Bayer-Monsanto deal concerns national farmers' group

By Nigel Maxwell
June 1, 2018 - 5:00pm

A deal that will create the world’s largest integrated digital agriculture, seed and pesticide company, has raised some alarm bells for the National Farmer's Union (NFU).

Vice President of Policy Jan Slomp told farmnewsNOW Bayer's acquisition of Monsanto means fewer choices for farmers, and gives private sector companies more control over what products are available on store shelves. Monsanto is the world’s largest seed company and Bayer is the world’s largest pesticide company. Both companies also sell digital agriculture systems. This deal is the latest in other developments, including the merger between Agrium and PotashCorp last fall to create Nutrien. 

"Anytime there is consolidation and fewer companies offering the same thing, it's not good for farmers because less choice means farmers get stuck paying what those companies want to charge," Slomp said.

On May 30, 2018 Canada’s Competition Bureau approved Bayer’s acquisition of Monsanto with conditions. The Competition Bureau has asked Bayer to divest some of its Canadian canola, soybean, vegetable seed and herbicide assets before it will allow it to buy agricultural business Monsanto. The watchdog said if the assets aren't sold the takeover would likely substantially lessen competition in Canada's seeds and crop treatment sector. Slomp said the deal itself is not worrisome.

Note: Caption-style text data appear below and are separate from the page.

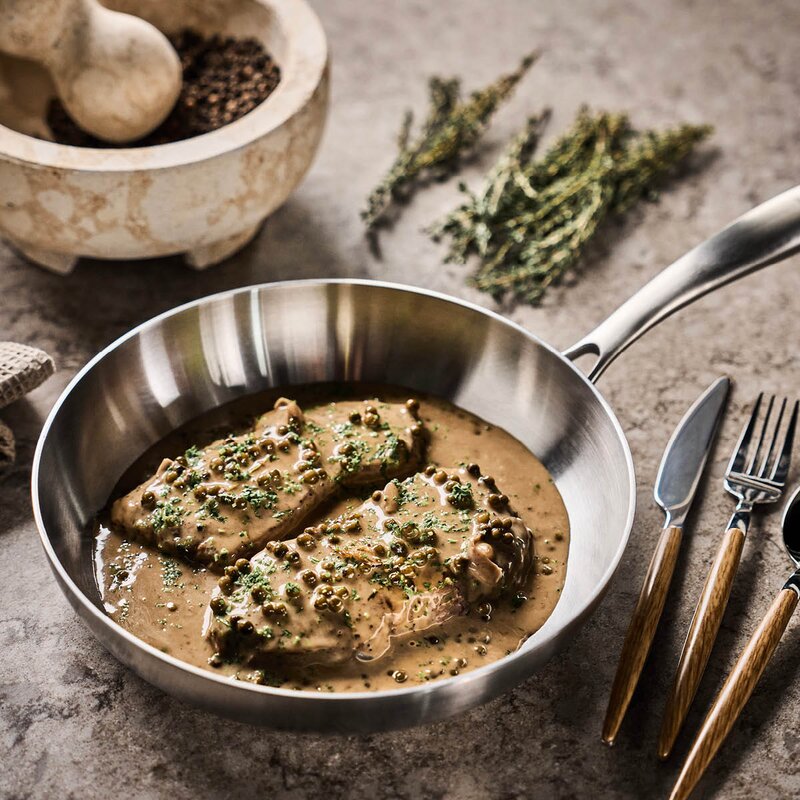 Modern House Chef Ørjan stekepanne 28 cm børstet stål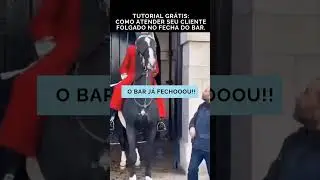 &Uacute;LTIMO CLIENTE DO BAR. NINGUEM MERECE! #shorts #tutorial #bartender #queensguard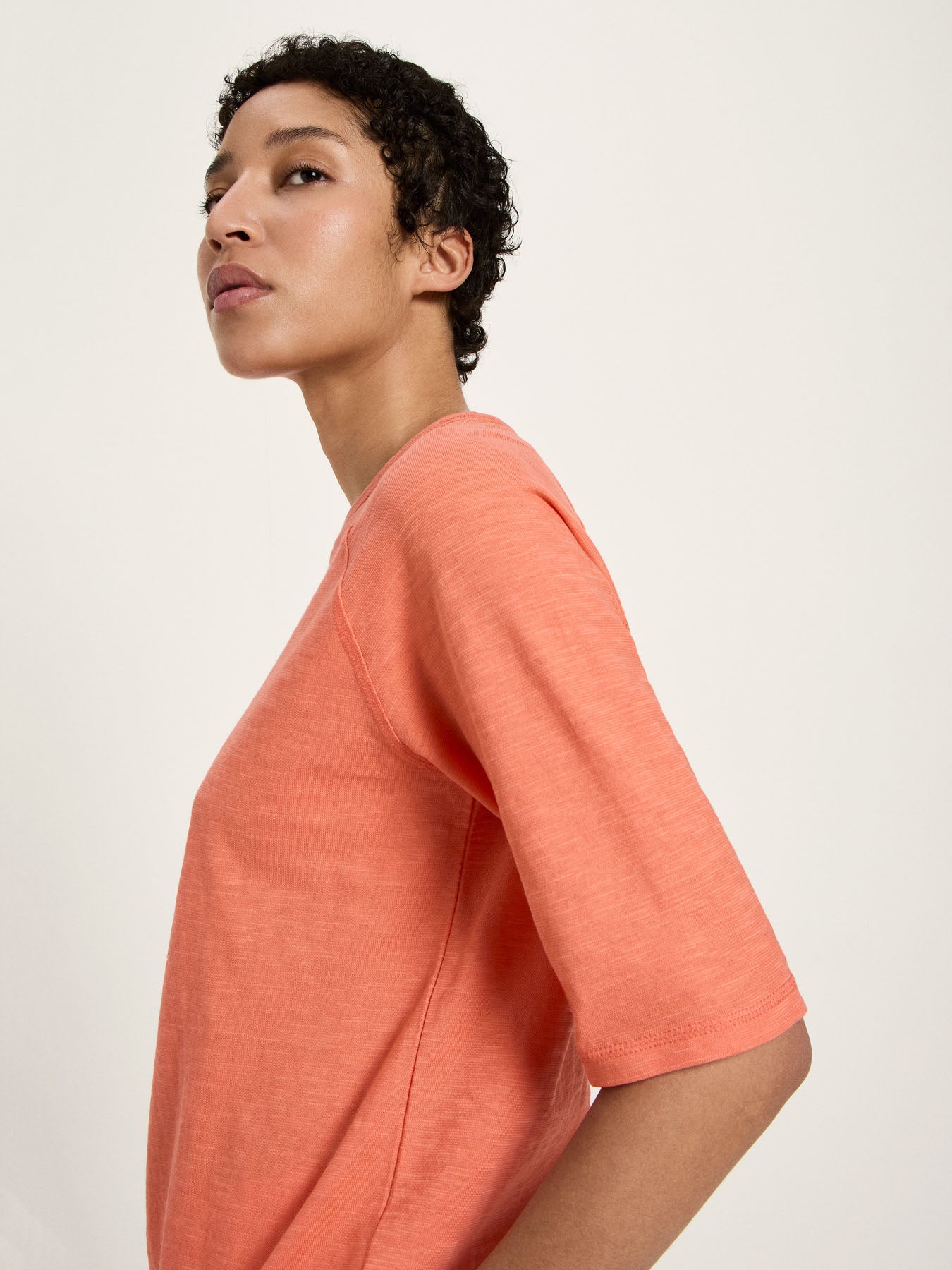 Raglan-Shirt in Peach – 100% Bio-Baumwolle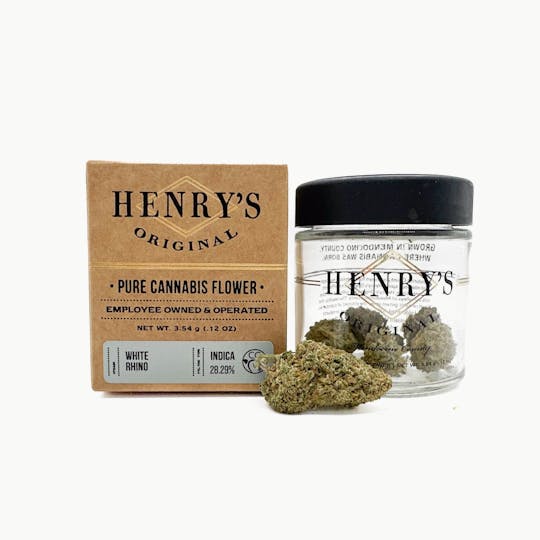 Henry's Original - 3.5g Craft Jar- White Rhino - 1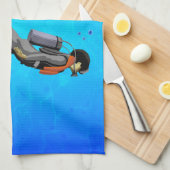 Mann-Sporttauchen Handtuch (Viertel Falte)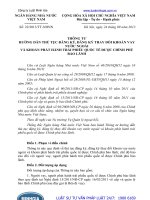 Thông tư 22 2013 TT-NHNN hướng dẫn thủ tục đăng ký, đăng ký thay đổi khoản vay nước ngoài và khoản phát hành trái phiếu quốc tế được chính phủ bảo lãnh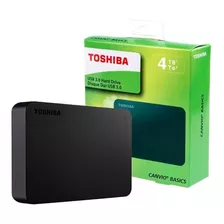 Toshiba Disco Rigido Portatil 4tb Usb 3.0 Canvio Basi Ppct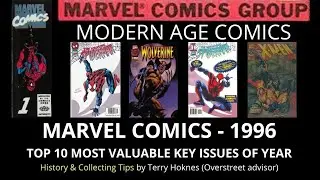 MODERN AGE Marvel Comics 1996 Top 10 Most Valuable key issues comic book investing Spider man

"The worrying aspects are through trade agreements particularly because we have increased intellectual property protection empowering the seed companies to develop seed but at the same time governments are cutting back on public plant breeding," he said.

Slomp said traditionally the big difference between the public and private sectors has been that public plant breeding focuses not only on higher yields but also disease resistance. He said the private sector tends to focus all its attention on yields.

"What is compromised is disease resistance especially when we talk about fungi that can be treated with fungicides that can be delivered by the same companies that develop the seed," he said.

The United States Justice Department, European Union, Brazil, Russia and China have approved the deal. Bayer still needs approval from Mexico before it can close on the deal. 

Slomp said the NFU will call on the provincial and federal governments to limit, not enhance, the power of the multinational agribusiness corporations, when discussing trade agreements.